Control System Testing #38

Closed podhrmic closed 3 years ago

In GitLab by @podhrmic on Aug 13, 2020, 14:41

aka Controls Regression Tests, Baseline controller test, Control System Fuzzer

Assumptions

I am assuming that the user of our tool will use various techniques for their control system design, such as Matlab, Simulink, Python Controls toolbox. They will often use a linearized model of the plant, and use typical methods for measuring the controller's performance (with the linear plant) - such as overshoot, damping ratios, pole placement, frequency response (bode plots, or for MIMO systems sigma values and SVD).

Once the controller is designed, they will likely implement it either manually or through code autogeneration, and end up with some discrete controller, that in some way resembles the original design. It could also just be a black box with a neural network, fuzzy rules, etc.

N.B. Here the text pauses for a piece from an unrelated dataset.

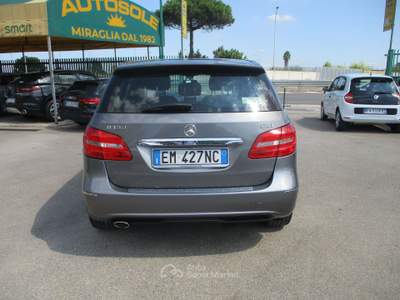 Mercedes-Benz Classe B B 180 CDI 110CV E5 PREMIUM PACK **PERFETTA** 210KM Grigio usata Giugliano in Campania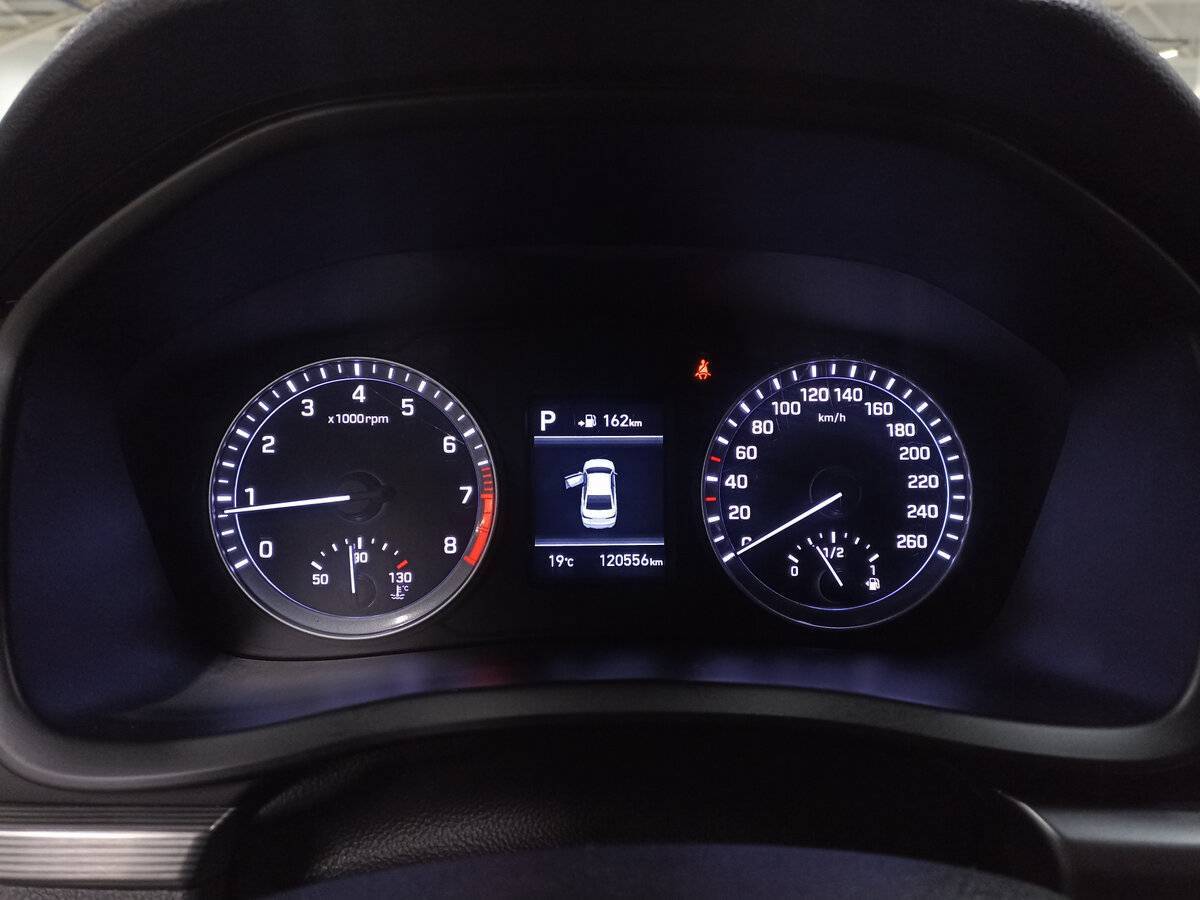 Hyundai Sonata с пробегом — 2017 год. Фото: #12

As a result, I don't think it makes sense to reproduce functionality of Matlab's control system toolbox, or including Python's Controls module. For non-linear MIMO systems the impulse and step response is less important, and bode frequency plot make less sense. I assume the user already did their homework and analyzed their controller in some way ahead of time.

Implications

We are given a controller as a black box - it can be a simple LQR, or a complex non-linear LEC (Neural network for example). We need to test controller's robustness wrt. plant perturbations, and especially look for the corner cases.

[Please correct me if I am wrong here MP] In the industry, the testing of final implemented controller is typically qualitative - either simulation with a non-linear plant, and observing the outputs, or some Software/Hardware-In-The-Loop setup with multiple simulation runs. We want to provide more automated version of such, look for the edge cases and provide examples of failures if we can find such.

We also need specifications of what the controller should actually achieve - then we can compare the resulting simulation trajectory with the specifications (treat is as assertions).

Proposed first step

I have two ideas:

[Time response] Probing the operating region

A controller is designed around some operating region. This region can be easily specified. Our tool would sample the initial conditions x0 from the operating region, run the simulation, and compare the reference signal with the actual signal. Some measure of error would be necessary, based on the amount of error the controller either passes or fails.

This technique could be used for both LLC (and track ps, Nz etc.), and autopilots (for example: Altitude hold autopilot - track if the desired altitude is achieved in the specified time).

Running multiple simulations in parallel would be necessary. Speeding up CSAF and 0MQ might be necessary, although it is unclear how much time to spend on it.

[Frequency response] Generalized SVD for nonlinear systems

Since for MIMO systems, bode plots don't accurately capture the behavior of the system in the frequency domain, Singular Value Decomposition is used for linear state space systems. If I can get a nonlinear state space model of the system, I can maybe analytically solve SVD and plot the sigma min/max values as well. But if I cannot get the state space representation of the system - is there anything else I can do to get similar information? Further research here is needed.

Summary

Please let me know what you think. I intend to use the new CSAF framework (hence I opened the issue here) for the simulations etc. Probably provide this "tester" as a script.

@zutshi @mattclark @bauer-matthews @cslockett @elew

In GitLab by @EthanJamesLewon Aug 14, 2020, 10:40

This sounds good, and I believe the time response is akin to something that @cslockett mentioned. This issue may start to inform the analysis part of CSAF.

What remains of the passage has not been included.